GEORGETOWN UNIVERSITY'S decision to concentrate the resources of its graduate school is as wise as it is courageous. Shutting down graduate programs is a painful expedient. But the university is clearly right to move toward a smaller number of stronger departments.
Georgetown is setting a precedent that might usefully be followed by other universities here in Washington. Historically, each of the universities--with the single exception of the youngest, the University of the District of Columbia--was designed by its ambitious founders on a grand scale, with the intention that it might become a truly national institution. But Washington was not a commercial city, and never generated the wealth on which great private universities elsewhere were built.
As long ago as the 1960s, the Consortium of Universities began calling attention to the duplication of small and undernourished graduate programs among the unviersities here.

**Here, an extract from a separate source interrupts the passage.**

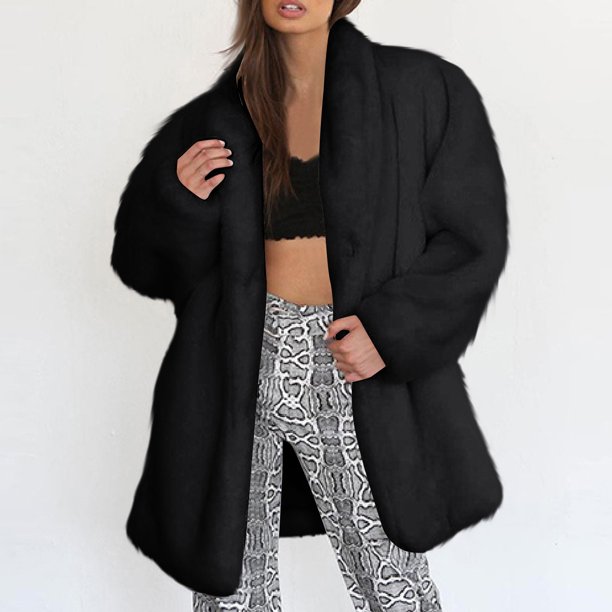Abrigo informal sin mangas y sin capucha para mujer, abrigo de invierno cálido de imitación de piel, color liso, largo medio, manga larga, abrigo para mujer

The case for consolidation was apparent, especially among the foreign languages. In that time of academic expansion, that advice got short shrift. But with the growing financial constraints of the late 1970s, all the old questions returned more urgent than ever.
Last March several academic organization, including the National Academy of Sciences, published an evaluation of graduate programs across the country; the rankings must have given further momentum to Georgetown's plans. They showed that there were some very respectable graduate programs among the universities here, but there were also some very low on the list.
Physics, for example, is a subject of great intellectual importance. But it is not clear there is any compelling need for each of five universities, within a radius of two miles, to try to teach it at the graduate level and carry the enormous costs of the laboratories that good programs require. Georgetown's physics department has never been strong, and the university has now decided to drop it from the graduate school--along with accounting and six foreign languages. That will enable the university to improve its stronger programs, to the benefit of students and teaching standards generally.
The quality of the universities in and around Washington has risen substantially over the past couple of decades. Georgetown is now providing leadership, at a time when no large new sources of funds are in sight, in continuing that progress. That is no small contribution to Washington, for there is no American city where educational attainments do more to set the course of people's lives.